While the described breakpoint technique is appropriate for sequential machines, problems arise when this technique is used in a multithreaded environment. For example, when the replaced instruction is temporarily returned to the target code for the single-step in-line execution, other threads may execute the replaced instruction instead of the breakpoint. Thus, some threads may not break even though a valid breakpoint has been installed.
Debugger programs face other difficulties in providing desired capabilities regardless of whether execution occurs in sequential or multithreaded architectures. For example, in addition to setting breakpoints, debuggers often provide the capabilities to set watch points for monitoring when a value in a memory location changes, to evaluate user-supplied expressions in the current context of the target code, to single-step the evaluation of the target code, etc. To implement such capabilities, debuggers typically rely on OS support to obtain information about the state of the target code (e.g., values currently stored in memory locations) and to perform operations such as replacing a target code instruction with a breakpoint instruction. However, the level of support available can vary with different OSes, and the types of support may also vary with the type of target code. For example, debugging of an operating system typically requires a separate debugger (e.g., a kernel debugger) than for a user application program, and different debuggers may be needed for application programs written in different computer languages (e.g., Java, C++, or Fortran).
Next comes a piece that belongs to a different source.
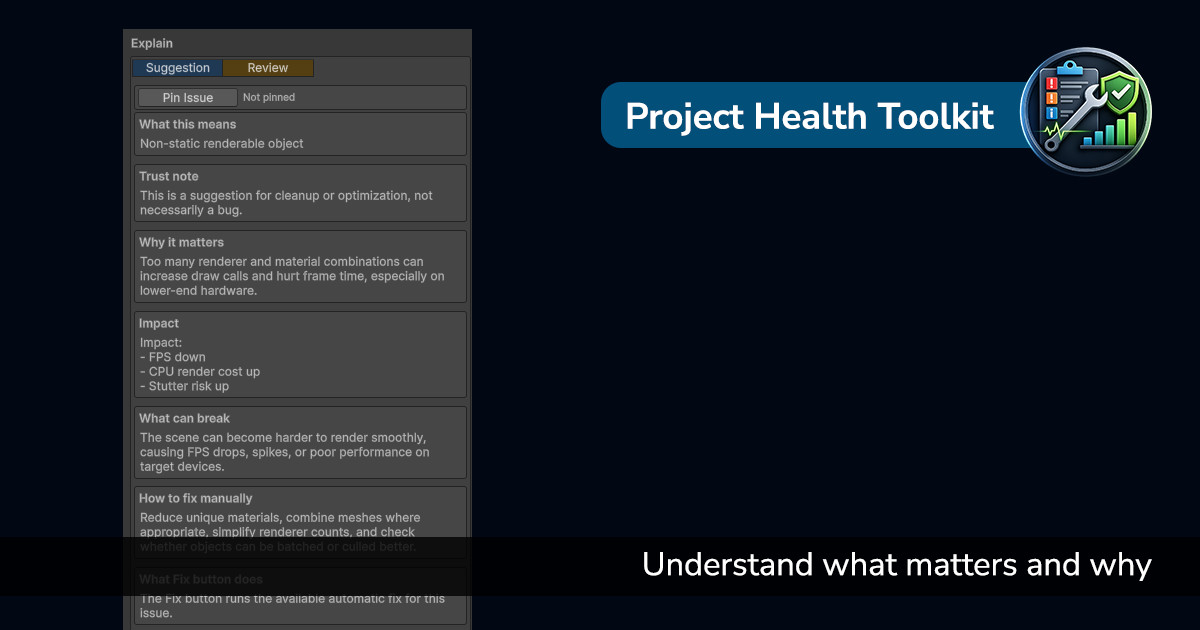 Project Health Toolkit – Scan, Understand & Fix Issues Fast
Another debugger difficulty arises if a breakpoint has been set on an instruction that is used by the debugger as well as by the target code (e.g., on a function in a shared library or on a commonly used function such as ‘print’). If the debugger executes the breakpoint, execution of the debugger may halt with no means to resume the execution. Thus, various steps must be taken to ensure that the debugger will not perform breakpoints. One memory-intensive approach that addresses this problem involves creating separate copies of any shared function so that the breakpoint set in the target code copy of the function will not be present in the debugger copy of the function.
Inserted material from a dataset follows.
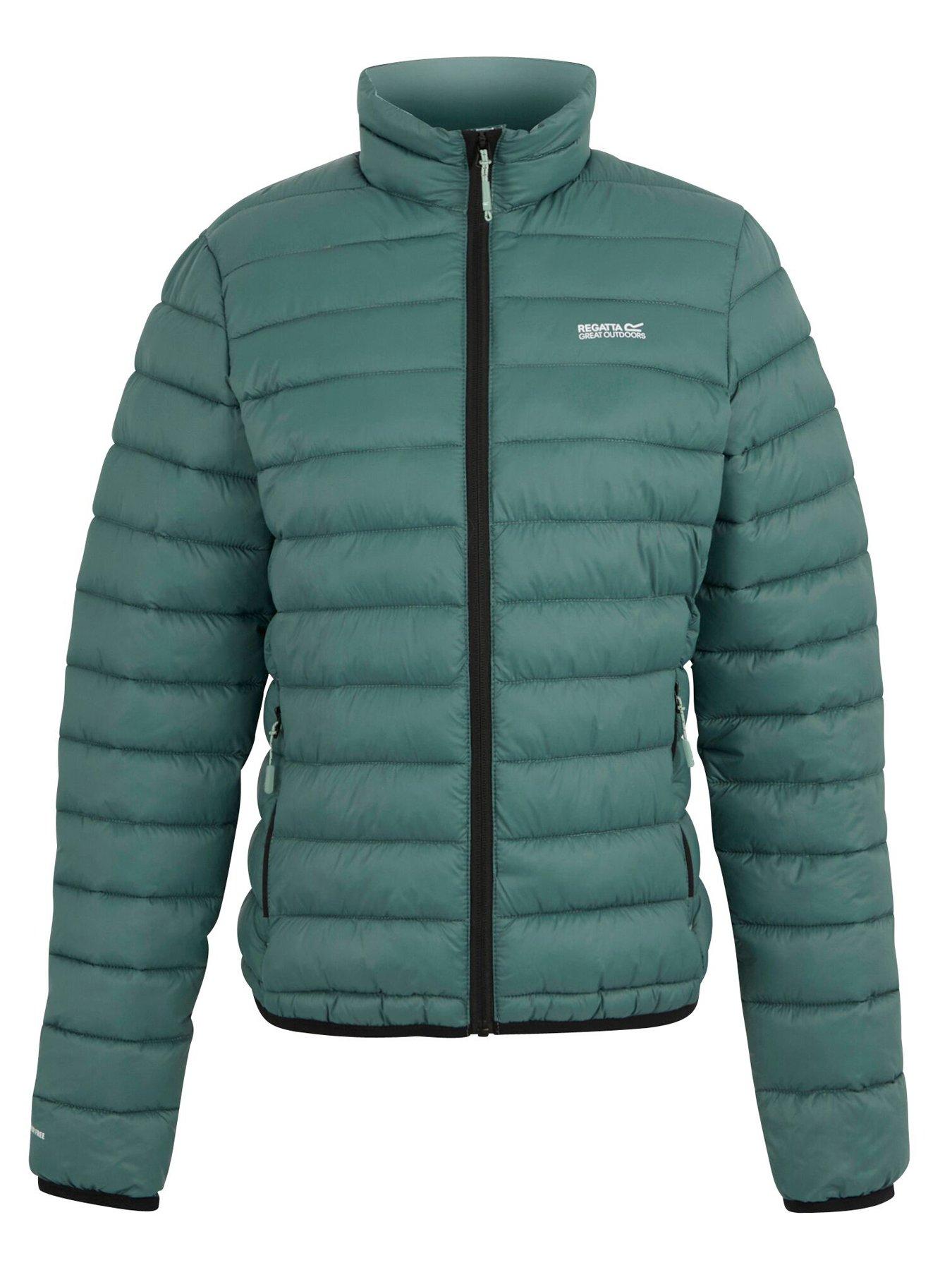 Image 4 of 5 of Regatta Womens Marizion Padded Jacket - Green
Finally, when a debugger is not available to locate an error in target code or when only static dump state information (i.e., various information about the state of a computer system near the moment of system crash, such as a memory core dump or hardware scan file) for the target code is available, analysis of the static dump state information may be the only debugging recourse. Such analysis is typically performed manually by reviewing bit values, a time-consuming process which may reveal only limited information.